WHAT TO DO: For the entries that follow, retype exactly the lines from the one containing "Photo of 15001" to the one containing "Seating area in Royal Comfort Hotel", inclusive, and only those. Images stay out of the copy.

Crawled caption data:

================================

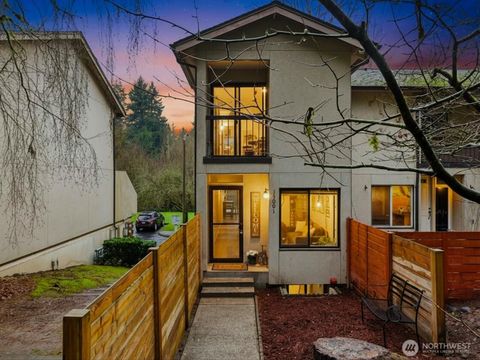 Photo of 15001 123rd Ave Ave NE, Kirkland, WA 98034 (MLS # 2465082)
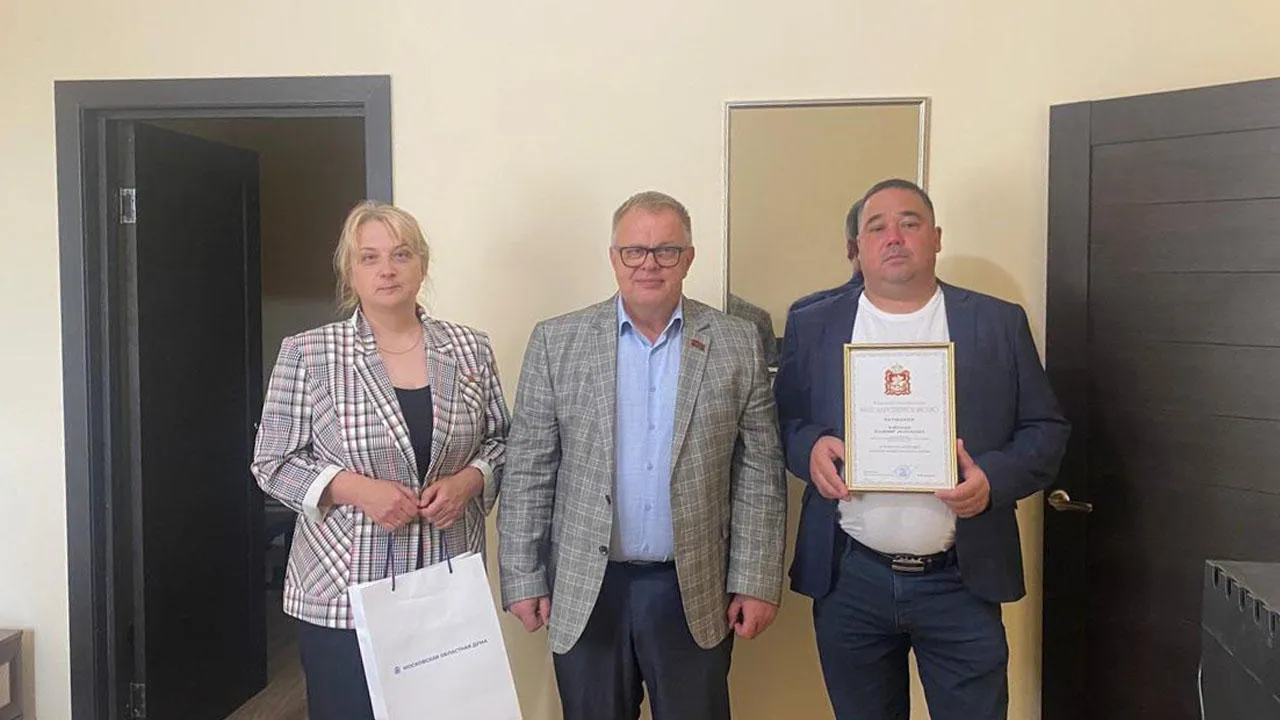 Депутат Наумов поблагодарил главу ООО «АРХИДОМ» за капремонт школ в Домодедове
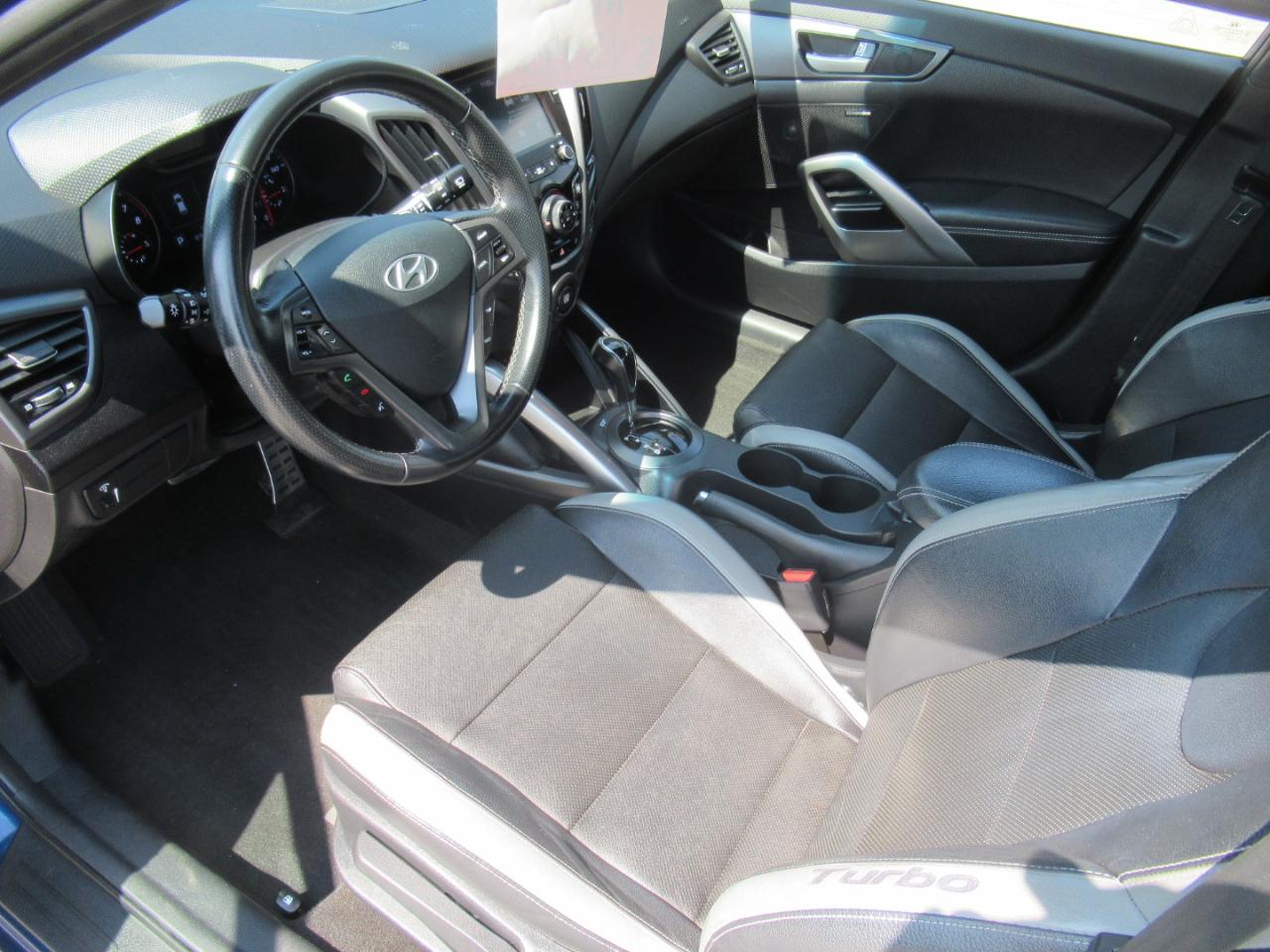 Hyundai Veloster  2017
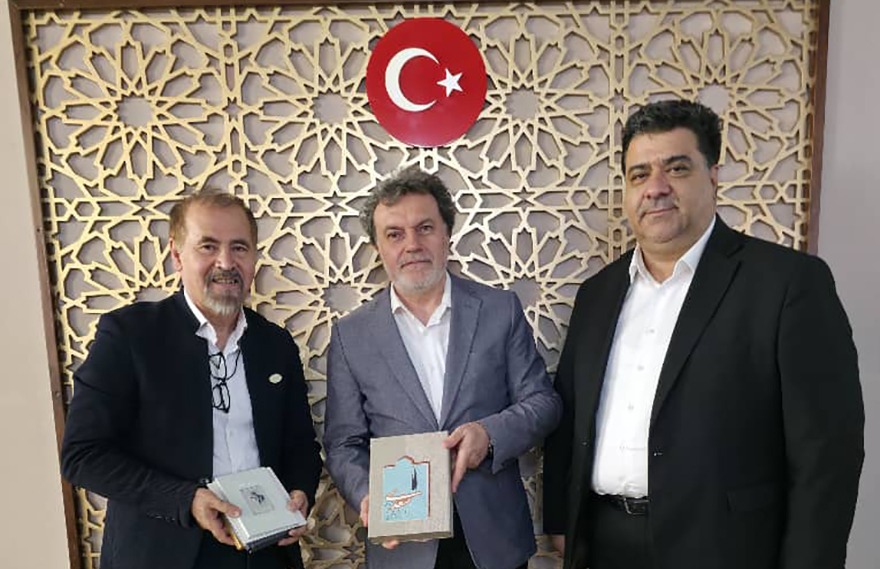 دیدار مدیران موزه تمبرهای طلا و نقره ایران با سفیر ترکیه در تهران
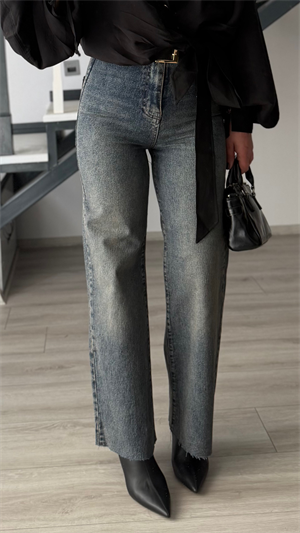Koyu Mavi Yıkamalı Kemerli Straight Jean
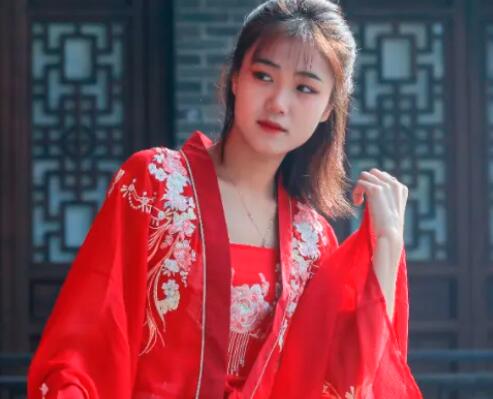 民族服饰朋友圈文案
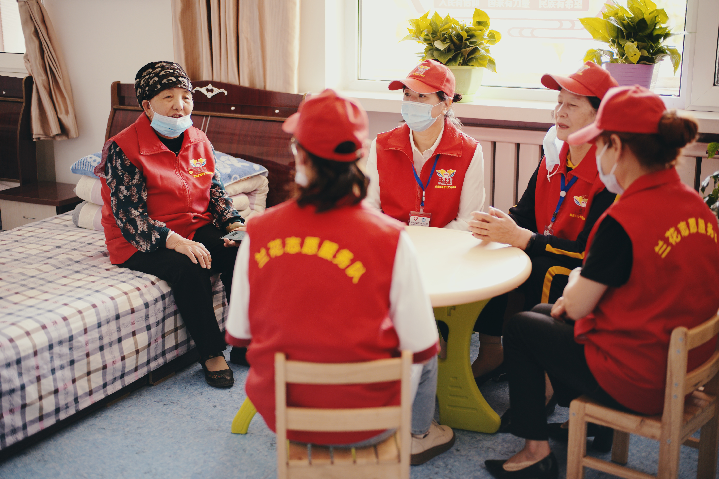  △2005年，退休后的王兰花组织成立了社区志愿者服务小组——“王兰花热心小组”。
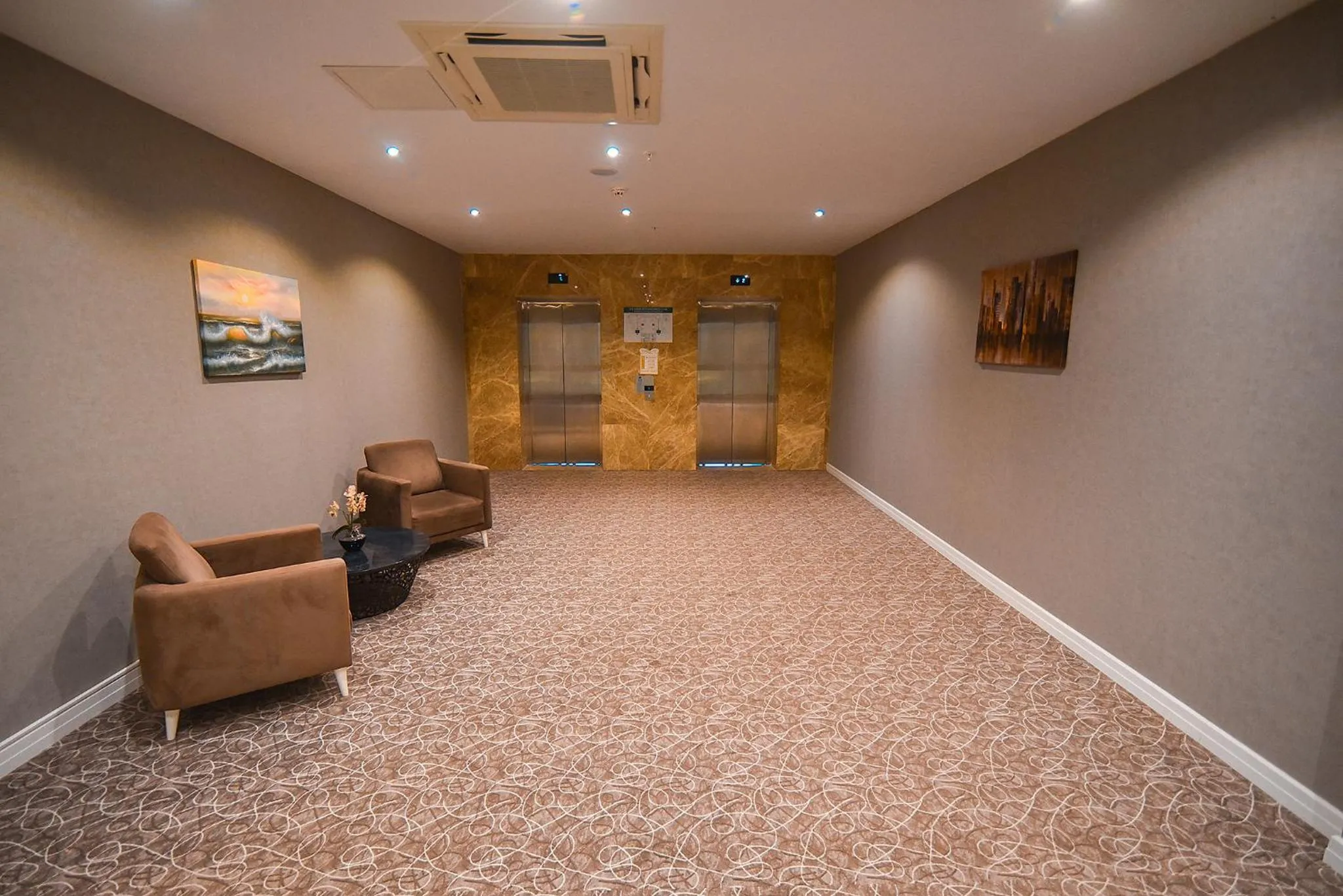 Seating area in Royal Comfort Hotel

================================

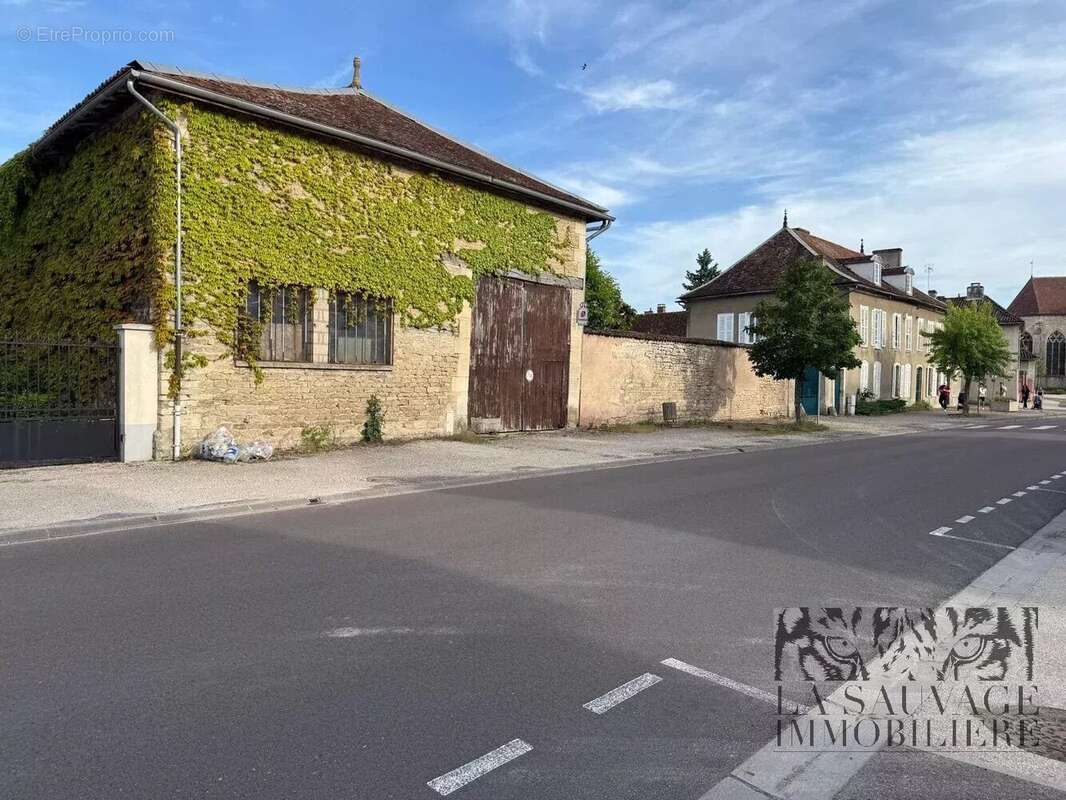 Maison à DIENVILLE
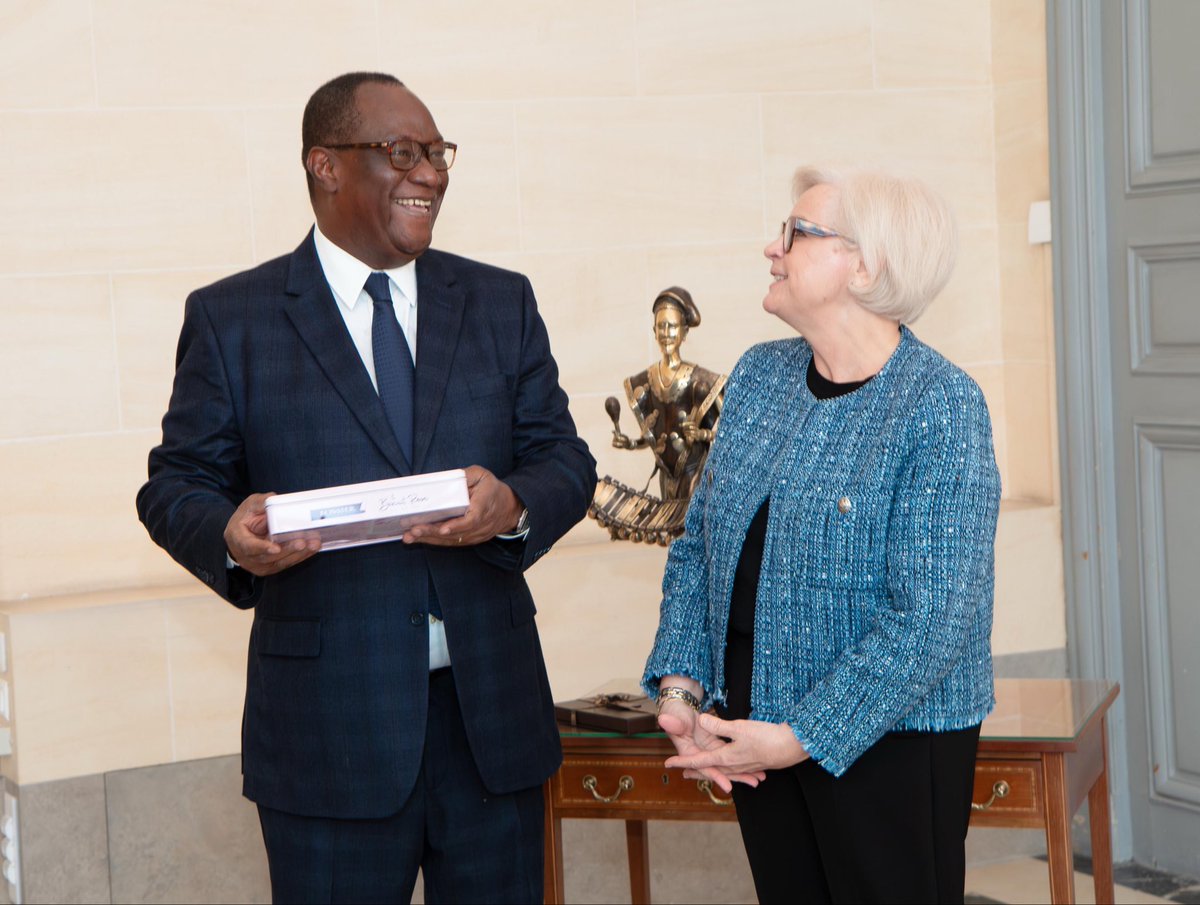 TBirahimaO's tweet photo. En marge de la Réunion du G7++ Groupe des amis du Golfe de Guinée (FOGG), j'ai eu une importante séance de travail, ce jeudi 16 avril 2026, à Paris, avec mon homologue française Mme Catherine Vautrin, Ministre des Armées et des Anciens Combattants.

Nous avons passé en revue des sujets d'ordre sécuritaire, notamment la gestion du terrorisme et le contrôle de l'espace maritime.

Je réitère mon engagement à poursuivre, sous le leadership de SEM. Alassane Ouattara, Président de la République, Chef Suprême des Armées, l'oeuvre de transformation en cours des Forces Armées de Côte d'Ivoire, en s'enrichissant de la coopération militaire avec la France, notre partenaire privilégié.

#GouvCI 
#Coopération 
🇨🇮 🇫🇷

================================

WORKED SOLUTION:
 Photo of 15001 123rd Ave Ave NE, Kirkland, WA 98034 (MLS # 2465082)
 Депутат Наумов поблагодарил главу ООО «АРХИДОМ» за капремонт школ в Домодедове
 Hyundai Veloster  2017
 دیدار مدیران موزه تمبرهای طلا و نقره ایران با سفیر ترکیه در تهران
Koyu Mavi Yıkamalı Kemerli Straight Jean
 民族服饰朋友圈文案
  △2005年，退休后的王兰花组织成立了社区志愿者服务小组——“王兰花热心小组”。
 Seating area in Royal Comfort Hotel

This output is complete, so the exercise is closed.